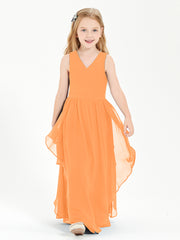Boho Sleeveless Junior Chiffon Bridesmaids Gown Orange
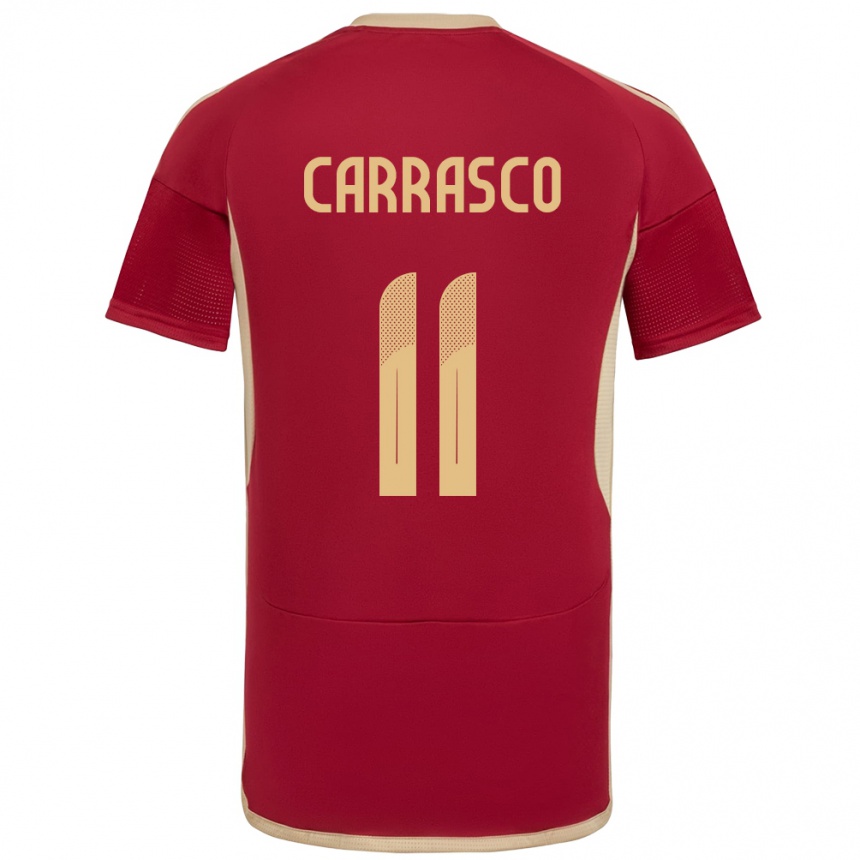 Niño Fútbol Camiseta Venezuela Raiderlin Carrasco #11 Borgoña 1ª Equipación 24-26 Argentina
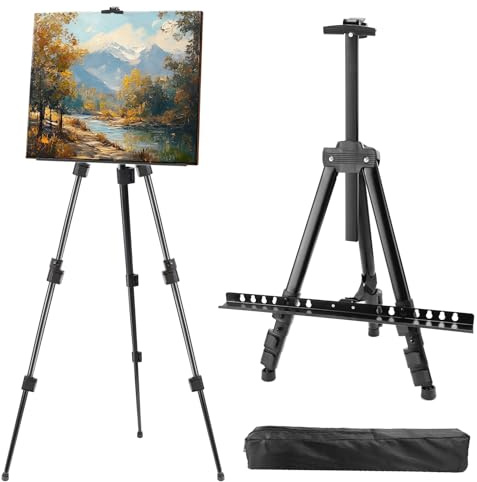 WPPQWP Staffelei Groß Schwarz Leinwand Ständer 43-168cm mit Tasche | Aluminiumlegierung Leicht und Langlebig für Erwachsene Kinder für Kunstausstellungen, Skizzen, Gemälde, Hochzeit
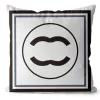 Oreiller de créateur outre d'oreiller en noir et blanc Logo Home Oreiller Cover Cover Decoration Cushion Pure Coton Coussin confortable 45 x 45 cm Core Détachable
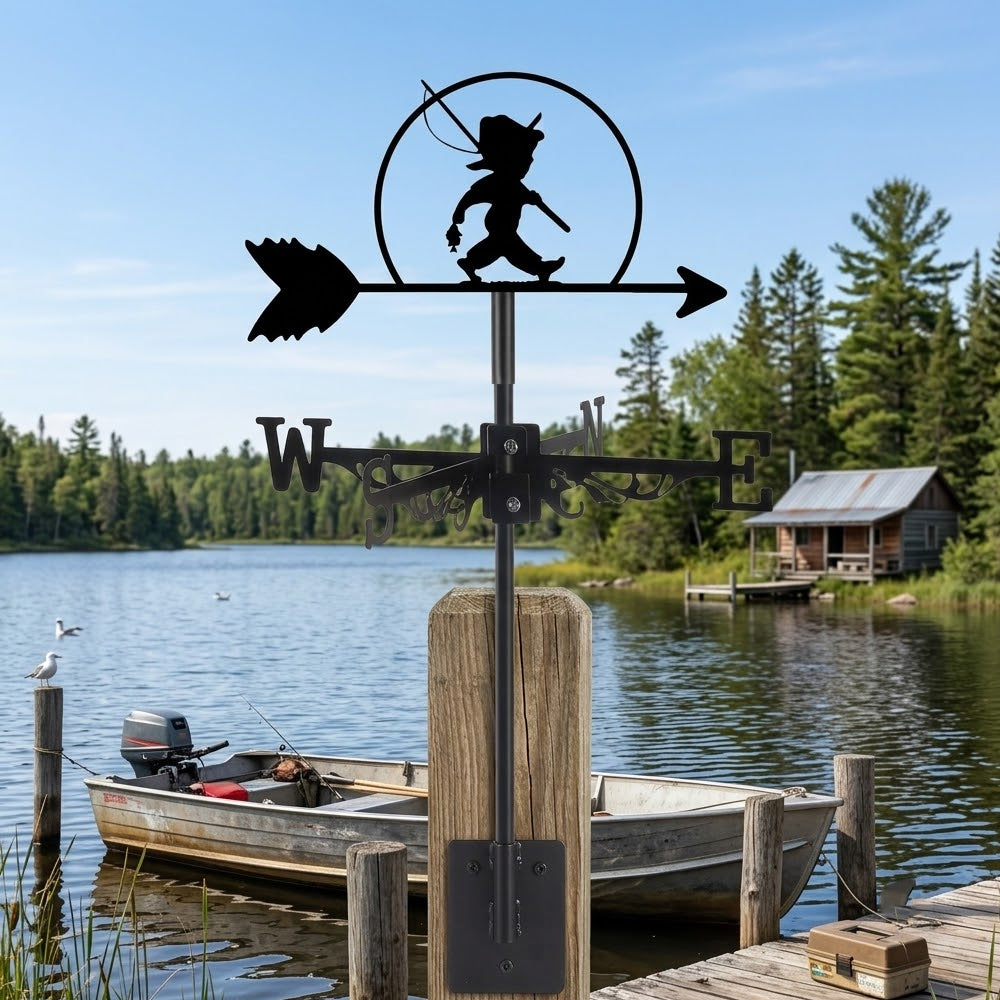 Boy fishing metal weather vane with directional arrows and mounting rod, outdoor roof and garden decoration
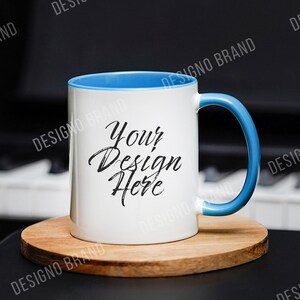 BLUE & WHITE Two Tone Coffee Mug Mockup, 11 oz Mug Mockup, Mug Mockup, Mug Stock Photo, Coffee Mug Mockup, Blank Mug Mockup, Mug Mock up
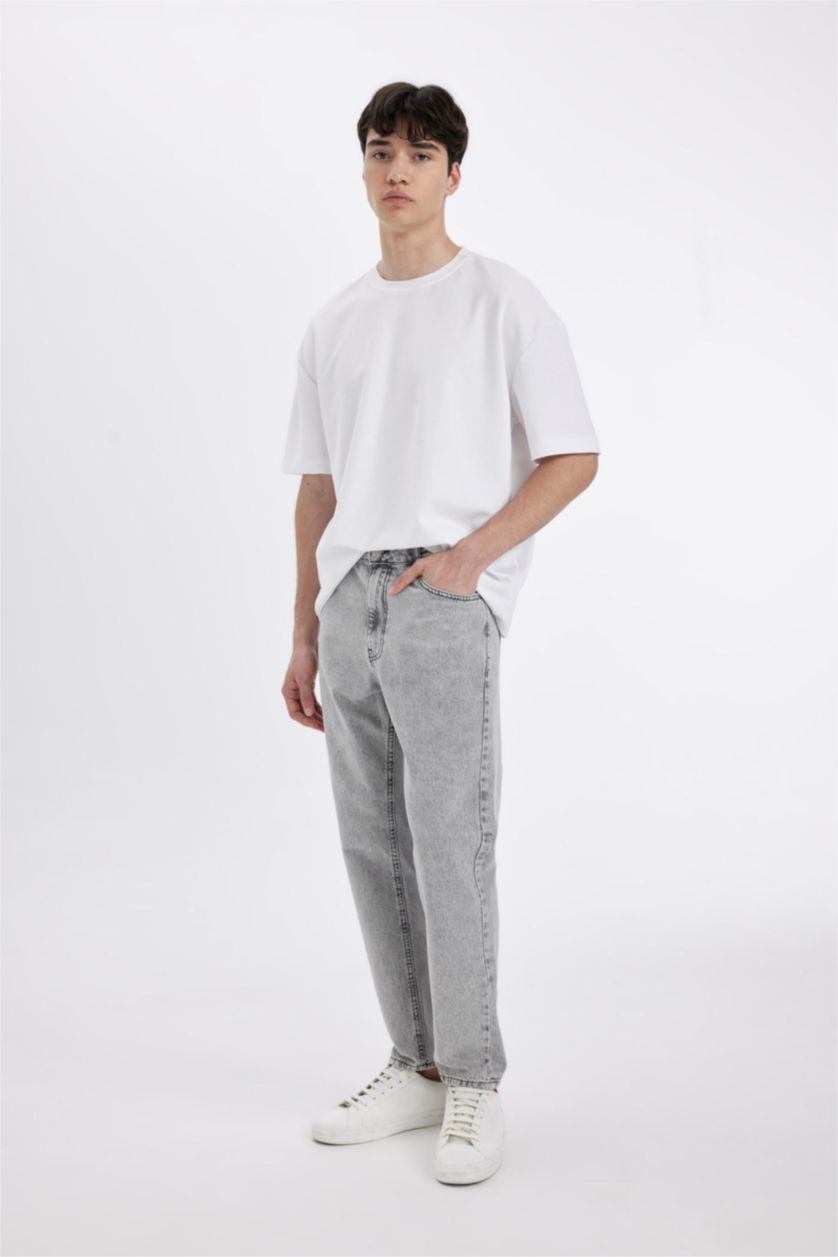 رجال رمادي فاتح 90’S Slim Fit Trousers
----------------
For this task, return exactly the stretch of the listing above from the line with "Niño Fútbol Camiseta" through the line with "WPPQWP Staffelei Groß", inclusive and without pictures.

 Niño Fútbol Camiseta Venezuela Raiderlin Carrasco #11 Borgoña 1ª Equipación 24-26 Argentina
 WPPQWP Staffelei Groß Schwarz Leinwand Ständer 43-168cm mit Tasche | Aluminiumlegierung Leicht und Langlebig für Erwachsene Kinder für Kunstausstellungen, Skizzen, Gemälde, Hochzeit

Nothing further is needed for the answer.